I have an Hp Photosmart C3180 and whenever I hit the scan button it, nothing happens. When I try to scan from the computer hp director, it says "unable to establish two-communication" with the device. It shows the same message when I try to check the ink levels from my computer. It prints and copies just fine. Any ideas would really help. Thanks.


----------



## Ryec (Jun 6, 2008)

*Re: HP Photosmart C3180 All-in-One Won't scan "unable to establish two-way communicat*

I came across this similar problem and spent days trying to figure it out. I knew I was close when I tried to start the HPZ12 service and it kept failing with "unable to find the specified file". I traced it with a process monitor and found that it was looking for a registry key that was not present. Specifically:

HKLM\System\CurrentCosntrolSet\Services\Pml Driver HPZ12\Parameters

It was looking for the string:

ServiceDLL 

which should be set to:

C:\WINDOWS\system32\HPZipm12.dll

(or something similar).

The unfortunate thing is that no matter how many times you install and uninstall the HP drivers, then don't reset the registry keys for the HPZ12 service. In the end, I ended up doing the following:

1. Uninstall software and reboot
2. Go through registry editor and delete the PML key (just did a search for all PML occurences)
3. Deleted the c:\program files\Hewlett-Packard directory 
4. Deleted the c:\program files\HP directory
5. Deleted the c:\windows\system32\spool\drivers\w32x86\ contents (anything that referred to an HP printer or driver)
6. Deleted the HKLM\Software\Hewlett-Packard registry key
7. Rebooted
8. Reinstalled and everything worked.

I suggest you backup any registry keys prior to deleting them in case you make a mistake.
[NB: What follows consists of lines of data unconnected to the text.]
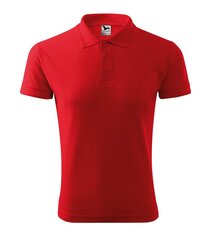 Мужская футболка поло Pique Polo Polo Shirt, красная цена и информация | Мужские футболки | pigu.lt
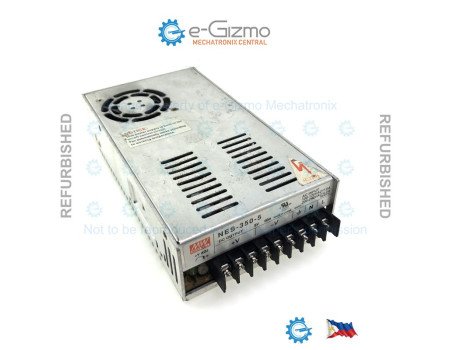 Mean Well 110V/220VAC 5V 60A 300W Industrial Power Supply UL [Surplus]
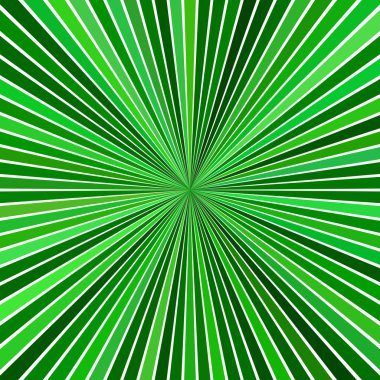Yeşil psychedelic geometrcial hız kavramı arka plan - vektör tasarımı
You can use the Export feature on the right-click context menu to save each key you delete, or use some tool to make a backup of your registry prior to making these changes. Similarly, for the files, I renamed directories or created backups of their contents.

Once I reinstalled, I found that there were TONS of new registry keys added that weren't there before. So the real problem is with HPs install/uninstall. It doesn't clean up properly and any aborted or failed instalation will leave the drivers in a poor state. 

Hope that helps.

Ryec.


----------